> **GOAL OF THE EXERCISE**:
When you return the data, keep each character exactly as it appears.

[Dataset entries]
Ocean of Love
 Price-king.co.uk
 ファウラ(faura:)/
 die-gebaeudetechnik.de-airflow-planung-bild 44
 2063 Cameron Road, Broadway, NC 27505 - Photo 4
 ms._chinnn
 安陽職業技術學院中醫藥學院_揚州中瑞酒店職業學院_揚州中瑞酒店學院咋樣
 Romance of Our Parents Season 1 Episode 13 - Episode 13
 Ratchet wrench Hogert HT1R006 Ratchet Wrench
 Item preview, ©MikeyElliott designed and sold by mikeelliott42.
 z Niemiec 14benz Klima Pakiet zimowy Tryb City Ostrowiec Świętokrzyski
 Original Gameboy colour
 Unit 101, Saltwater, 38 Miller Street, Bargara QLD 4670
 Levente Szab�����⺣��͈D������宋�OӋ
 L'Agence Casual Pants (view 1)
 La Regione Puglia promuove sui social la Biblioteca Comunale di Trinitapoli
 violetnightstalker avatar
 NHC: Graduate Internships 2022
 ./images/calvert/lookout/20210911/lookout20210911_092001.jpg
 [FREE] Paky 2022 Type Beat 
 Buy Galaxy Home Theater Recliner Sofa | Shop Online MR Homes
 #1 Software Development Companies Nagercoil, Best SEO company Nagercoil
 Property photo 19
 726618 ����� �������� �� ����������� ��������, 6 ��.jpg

> **WRITTEN ANSWER**:
Ocean of Love
 Price-king.co.uk
 ファウラ(faura:)/
 die-gebaeudetechnik.de-airflow-planung-bild 44
 2063 Cameron Road, Broadway, NC 27505 - Photo 4
 ms._chinnn
 安陽職業技術學院中醫藥學院_揚州中瑞酒店職業學院_揚州中瑞酒店學院咋樣
 Romance of Our Parents Season 1 Episode 13 - Episode 13
 Ratchet wrench Hogert HT1R006 Ratchet Wrench
 Item preview, ©MikeyElliott designed and sold by mikeelliott42.
 z Niemiec 14benz Klima Pakiet zimowy Tryb City Ostrowiec Świętokrzyski
 Original Gameboy colour
 Unit 101, Saltwater, 38 Miller Street, Bargara QLD 4670
 Levente Szab�����⺣��͈D������宋�OӋ
 L'Agence Casual Pants (view 1)
 La Regione Puglia promuove sui social la Biblioteca Comunale di Trinitapoli
 violetnightstalker avatar
 NHC: Graduate Internships 2022
 ./images/calvert/lookout/20210911/lookout20210911_092001.jpg
 [FREE] Paky 2022 Type Beat 
 Buy Galaxy Home Theater Recliner Sofa | Shop Online MR Homes
 #1 Software Development Companies Nagercoil, Best SEO company Nagercoil
 Property photo 19
 726618 ����� �������� �� ����������� ��������, 6 ��.jpg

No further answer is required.